## STORED DATA
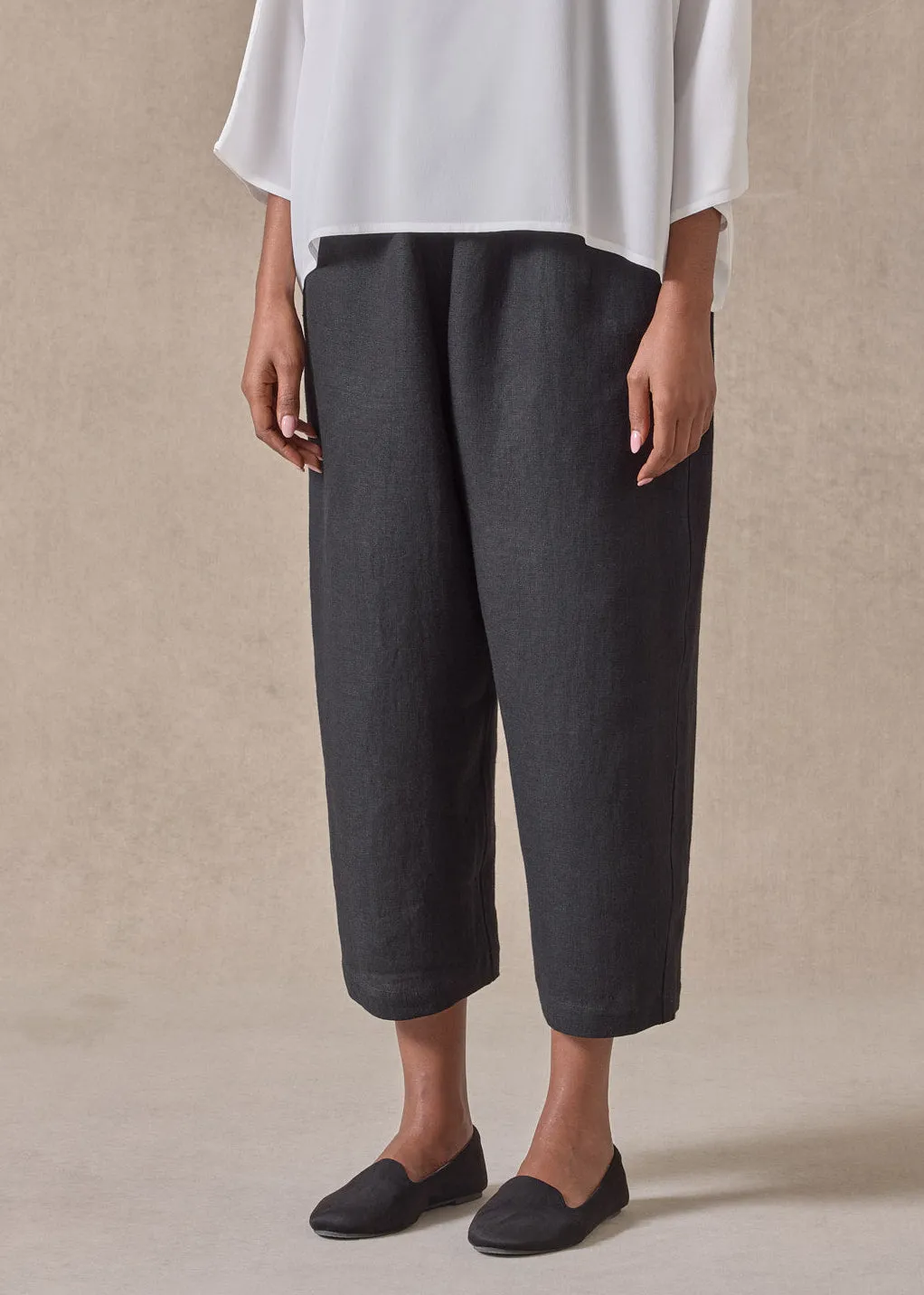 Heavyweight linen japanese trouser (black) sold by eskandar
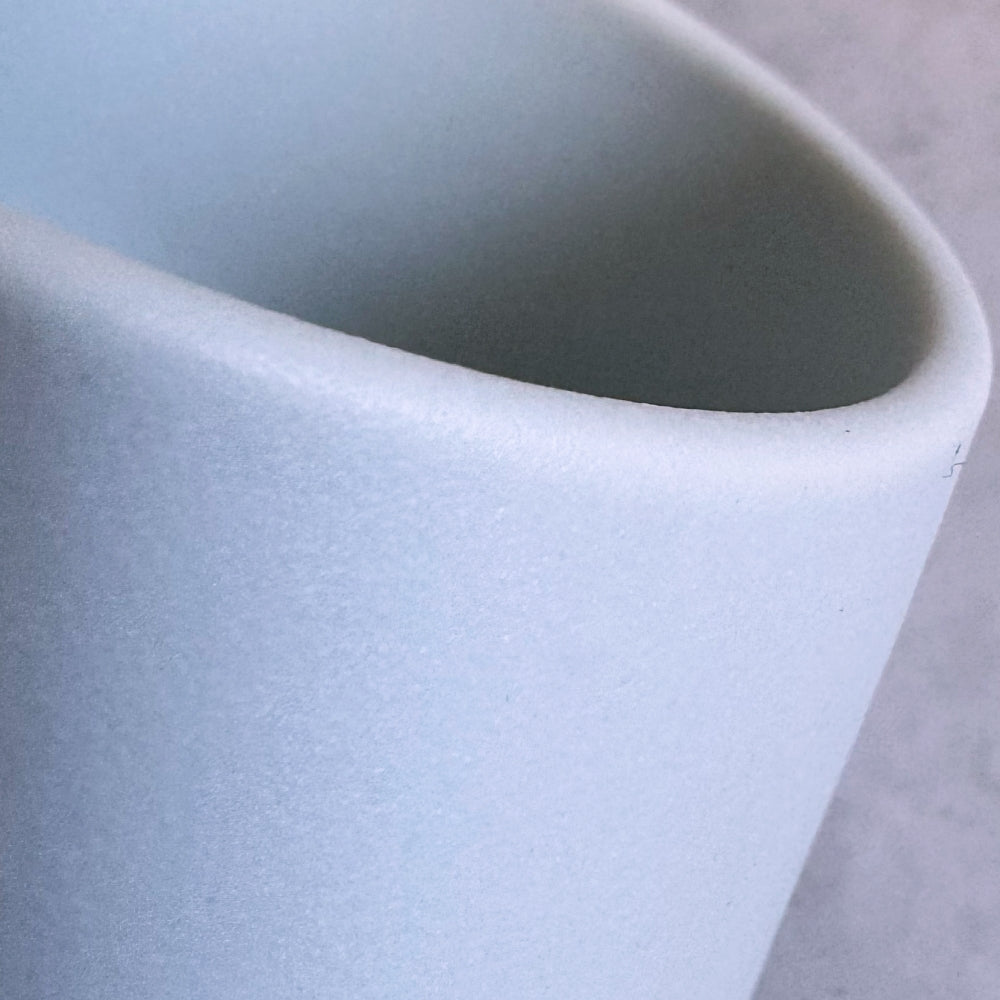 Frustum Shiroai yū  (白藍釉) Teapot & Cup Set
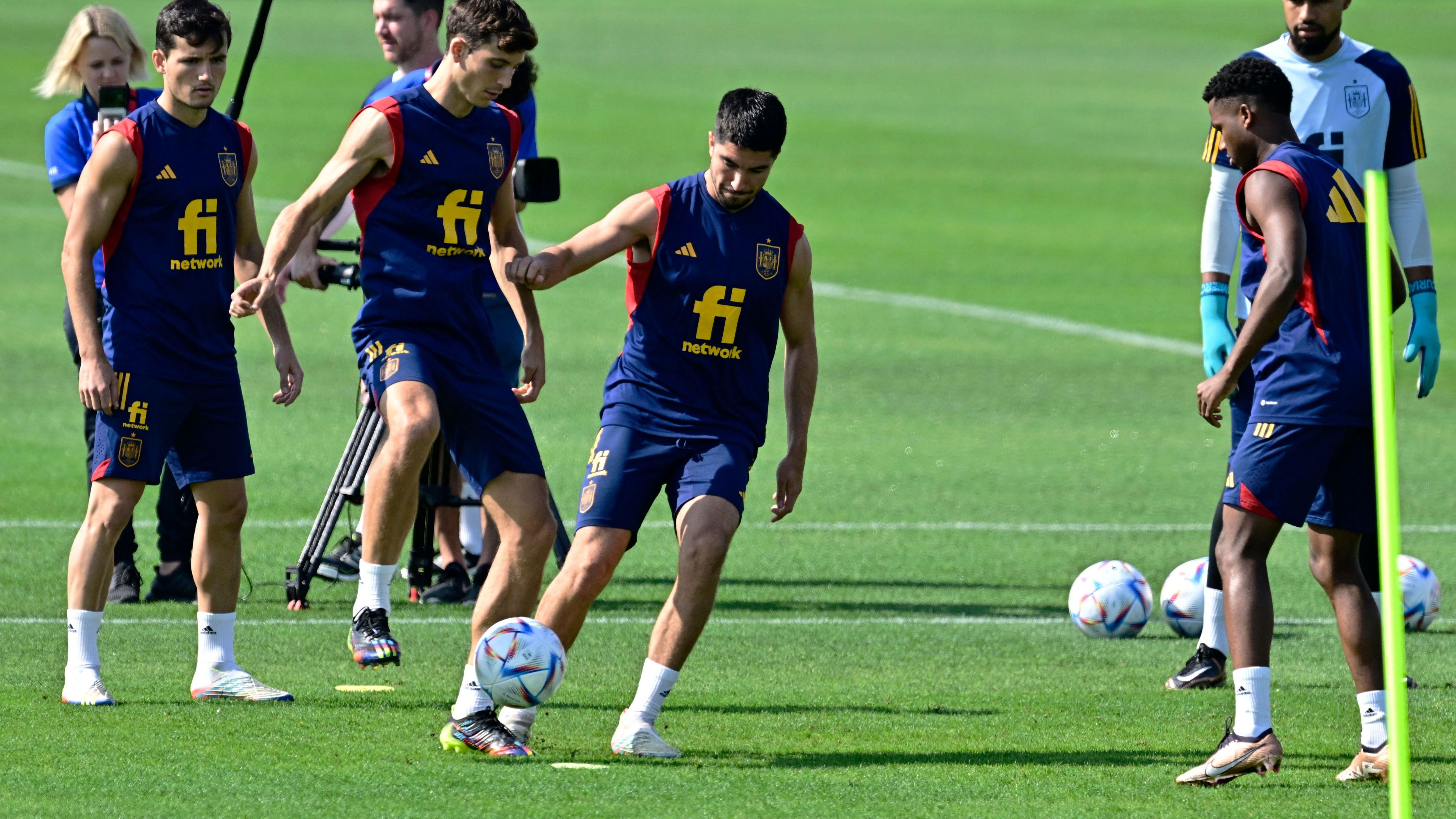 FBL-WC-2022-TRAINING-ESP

## EXERCISE AIM
Leaving the pictures out, print every line of the listing exactly.

## ANSWER AREA
 Heavyweight linen japanese trouser (black) sold by eskandar
 Frustum Shiroai yū  (白藍釉) Teapot & Cup Set
 FBL-WC-2022-TRAINING-ESP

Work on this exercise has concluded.